A photo posted by on
It’s great that the fork looks to be designed for flat mount brake calipers. Most suspension forks use the post mount system, which means if you’re currently running Shimano’s GRX groupset you’d to swap out the front caliper for a mountain bike one in order to get it to fit. Moving to flatmount here stands to save a lot of headaches.
It’s difficult to tell what thru axle diameter the fork is designed for just from the photos. Hopefully, it will be 12x100mm to match the dimensions most commonly used on gravel bikes. But that’s by no means a foregone conclusion, we’re starting to see some of the beefier gravel bikes already switching to 15x100mm thru axles, even with rigid forks.

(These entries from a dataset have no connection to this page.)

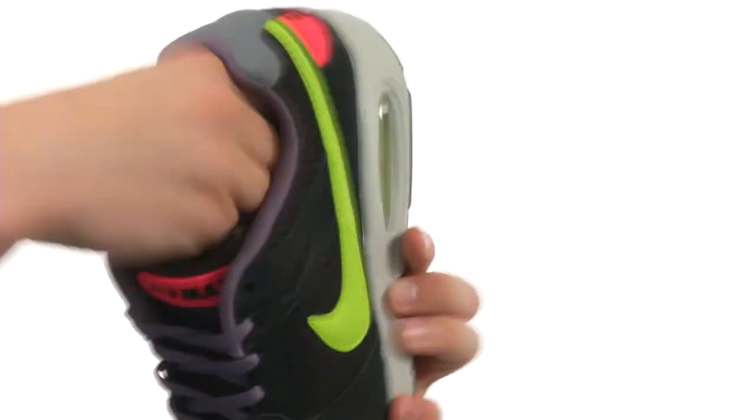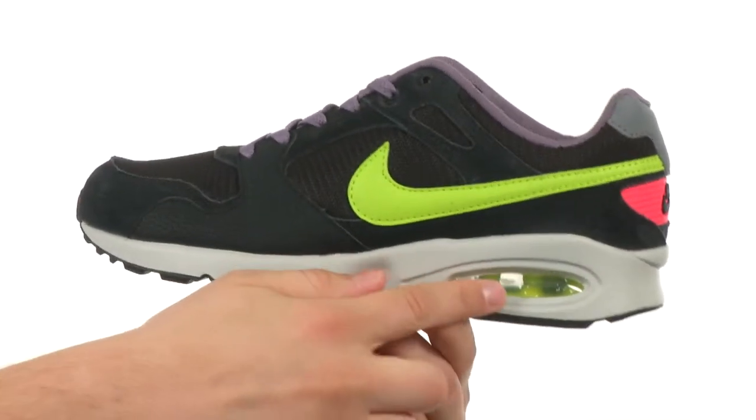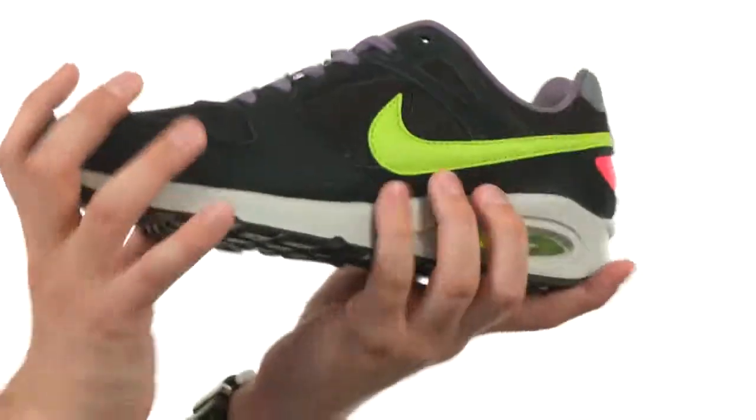Really soft breathable mesh lining on the inside and a ton of comfort down there in that footbed to keep your feet feeling great all day long. Got some added cushioning back here in the heel thanks to this airsole heel unit, which gives you some excellent shock absorption. And down on the bottom we have a really durable outsole that is really flexible.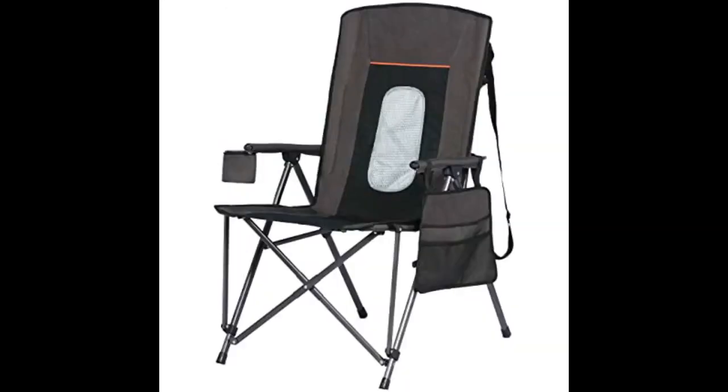Bought this for my husband and he loves it. It's very comfortable. The back slants a little, not straight like most chairs.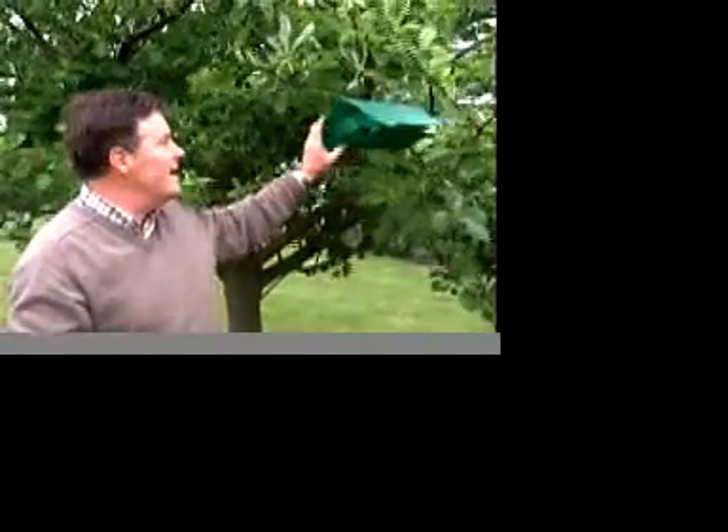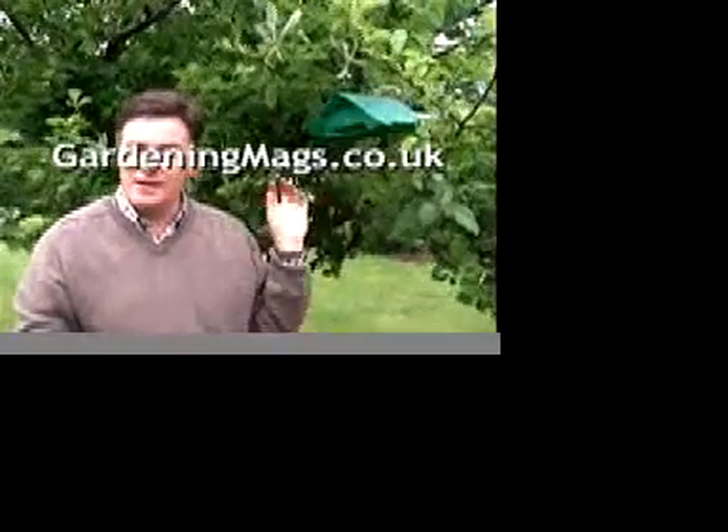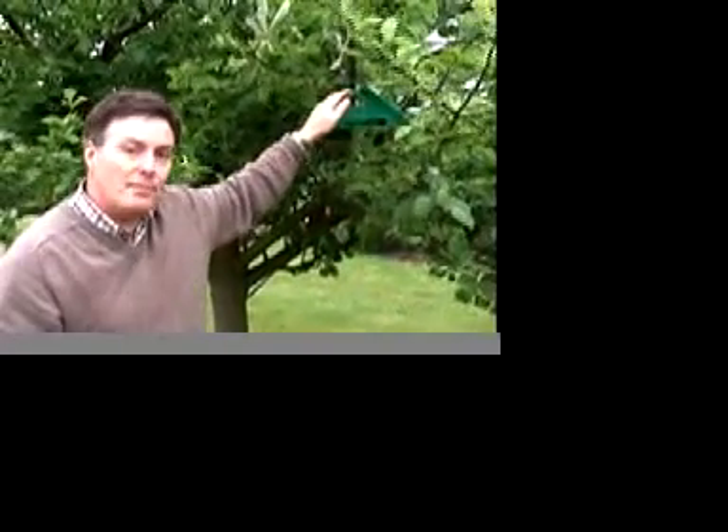Now this isn't 100% — it will thin down the numbers of the codling moth. What you need to do is check this trap on a regular basis, and when you start to catch six or seven small brown moths, that tells you they're flying around, active, and wanting to mate. That's the time to spray your apple tree with an insecticide. So a combination of the pheromone codling moth trap and an insecticide in a few weeks' time will make sure that all your apples are nice and bug-free this summer.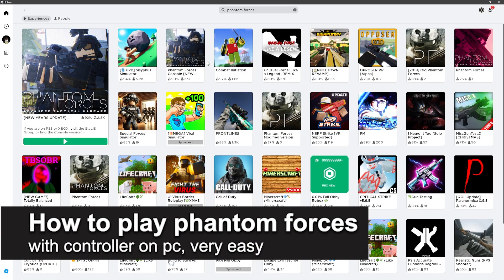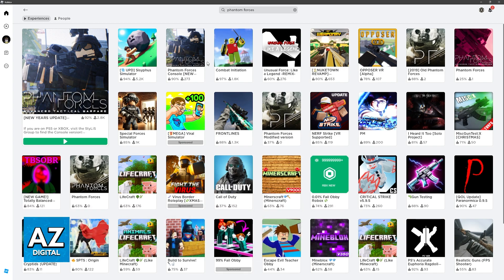In this video I'm gonna teach you how to play Phantom Forces with a controller on PC. It's a very easy process, so make sure to follow along.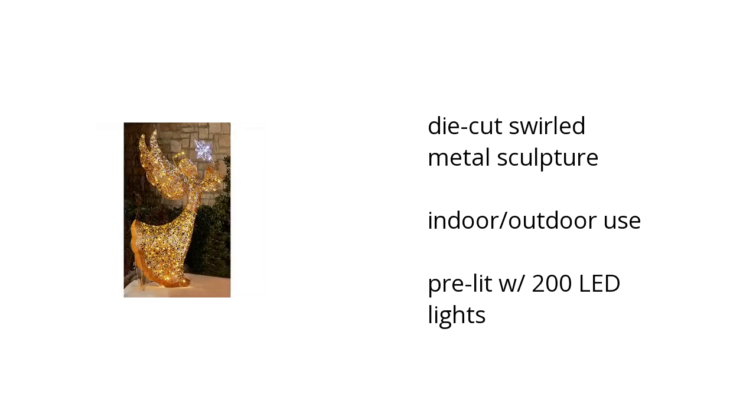Hi, I'm Denise with the Buzztala Marketplace. Here's what you need to know about the 72-inch Golden Swirl Angel on sale at Sam's Club.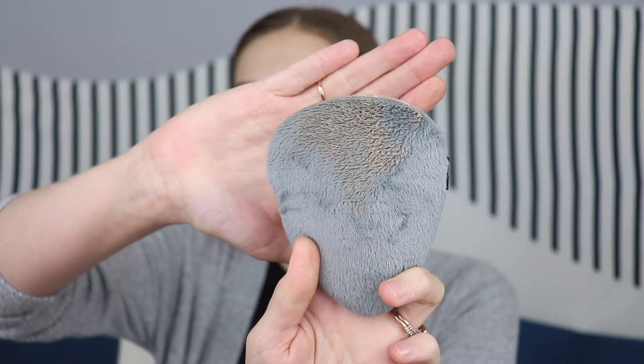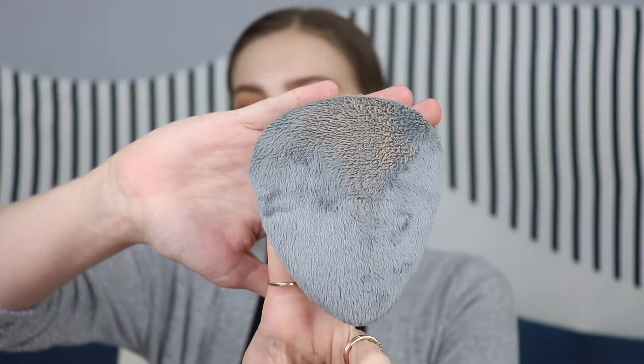That blended out in like two seconds. Looking up close — this is how the tool looks after that first wiping of the foundation, you can tell it has gotten wet from the product. It blended out so smooth. I really thought it was going to be streaky with visible hair strokes, but I am intrigued. It feels so good on your face. If you could put your foundation on that quick every time, your makeup routine would be insanely fast.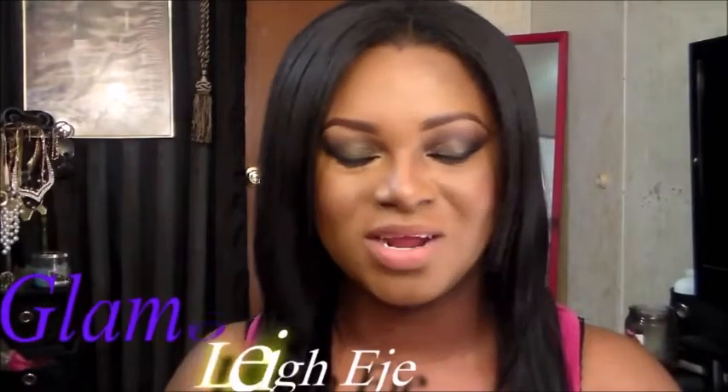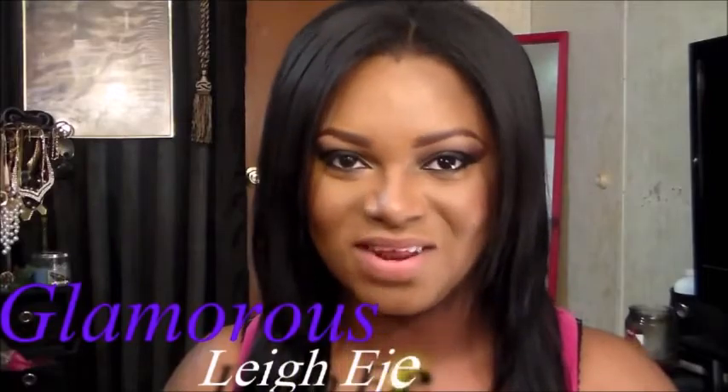Hopefully you guys enjoyed this video. Remember to follow me on Instagram at Glamour C Edgy, and I'll see you guys in my next video. Bye!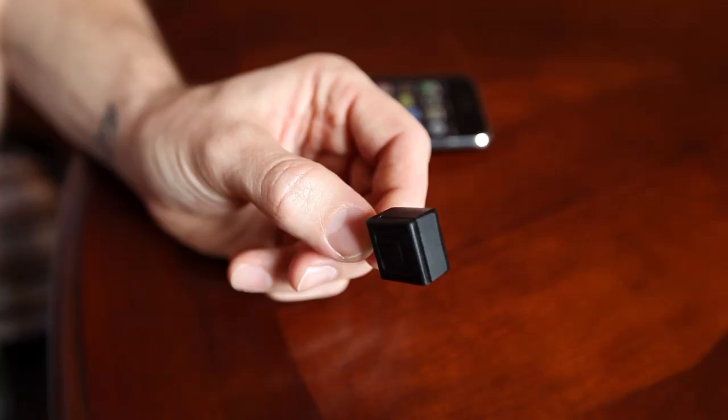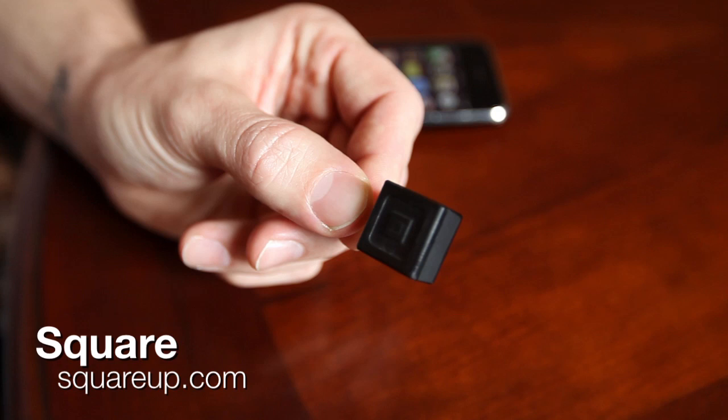Hey everybody, Kevin Rose here. Today I want to show you a beta version of a new startup called Square, and this is the first kind of prototype device that you're seeing right here. This basically plugs directly into the top of your iPhone and will allow you to accept credit card payments — it allows anyone to accept credit card payments.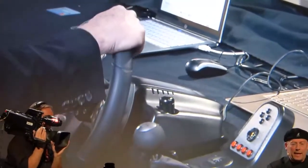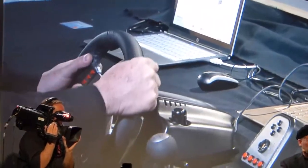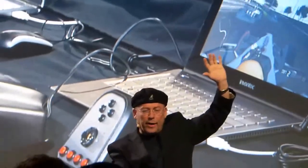Now, the interesting thing for you to notice is that this is a DX11 game, but you can also notice that I can drive in the race with one hand only. And the interesting thing about this game is that actually I can race without my hand at all, because they are driving it from backstage.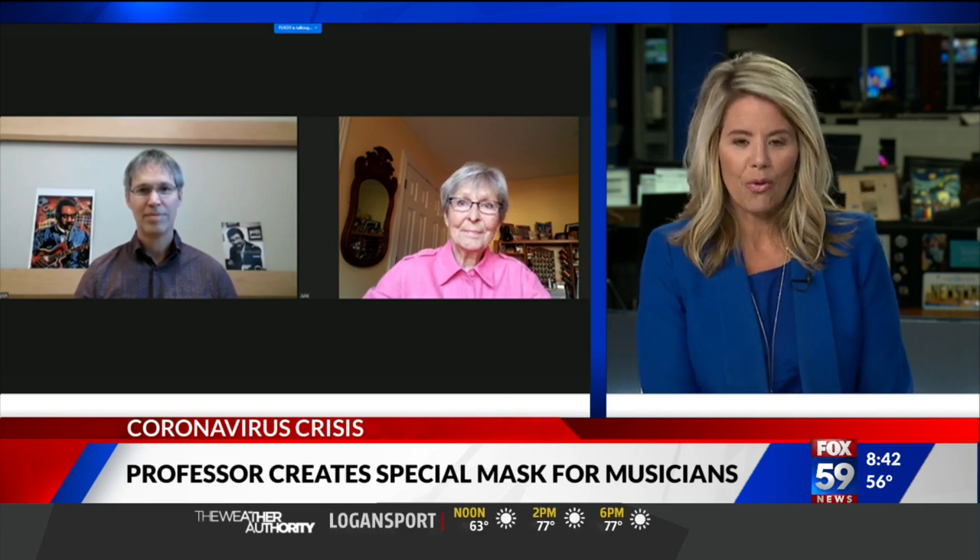A professor at IU's Jacobs School of Music figured it out by creating a special face mask. Joining me live are the professor, Tom Walsh, and his mother, lovely Julie Walsh. Good morning, you two. I'm going to start with you, Tom, because the mask was your idea and it was for wind instruments, I believe. Tell me how this process came to be.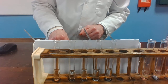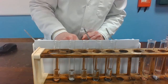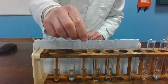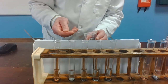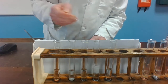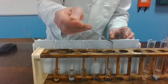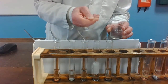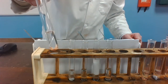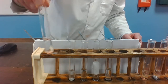Zinc granules in dilute hydrochloric acid. Lead in dilute hydrochloric acid. Magnesium turnings in dilute hydrochloric acid. And iron filings in dilute hydrochloric acid. Is there any evidence of a reaction? If so, is it fast, medium, or slow? Copper.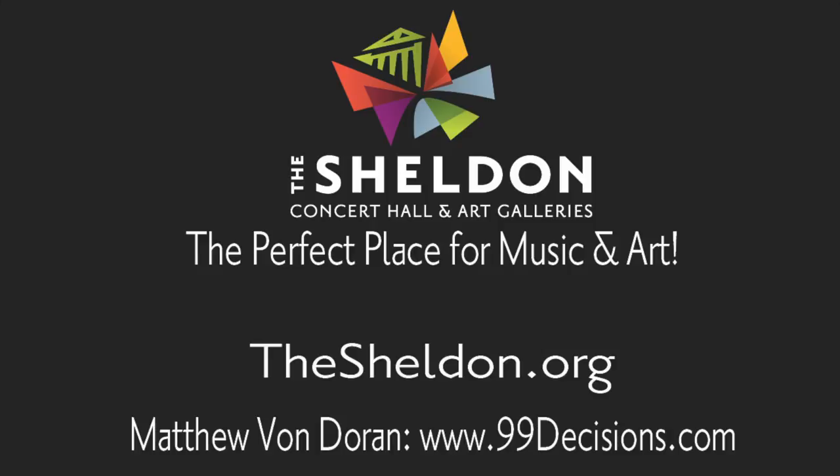Again, I'm Matthew Von Dorn. Thank you for joining us here at the Sheldon Online Music Academy.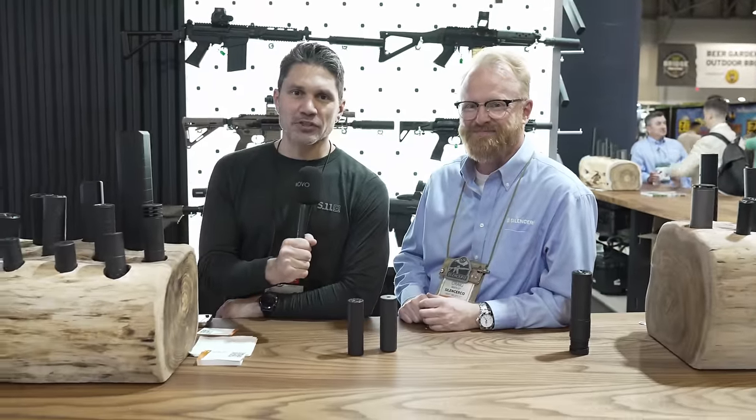Hey everyone, James Reeves, TFB TV. Welcome to another episode of Between Two Silencer Logs with my good buddy Craig — actually a very close personal friend of mine. I genuinely mean it this time; Craig is a good person and a good friend of mine in the industry. We're here at SilencerCo and we've got some new suppressors to look at.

The question of what tyre widths will be compatible looms large. The pictures show a 700x40c in there at the moment, and while it doesn’t look a squeeze, we wouldn’t say it’s capacious in terms of space. Fox’s current gravel fork is only rated for up to 40mm, so hopefully it’ll be a little more than that.
Somewhat surprisingly, the fork has a reverse crown – which has historically been the preserve of Manitou, as the brand with the patent. However, this will be expiring in the coming months, opening the door to other brands to make the most of the weight saving design.
The question of: ‘Are suspension forks even necessary on gravel bikes?’ still has yet to be given a definitive answer. The technology certainly does have its drawbacks, there is the extra weight to consider and the additional maintenance, along with the simple fact it’s just another thing which could potentially go wrong on a ride.
Suspension bob is another drawback – although this can be largely solved with a remote lockout – but the perennial issue with telescopic suspension is ‘stiction’, which describes the breakaway force required to actually get the suspension to begin to move through its travel. Small bump sensitivity is difficult to engineer into this style of suspension fork – but that’s one of the biggest reasons for people to reach for suspension.
But the addition of front suspension to gravel bikes does stand to open up the type of trails that can comfortably be traversed on a gravel bike even further – and a greater range of riding is rarely a bad thing.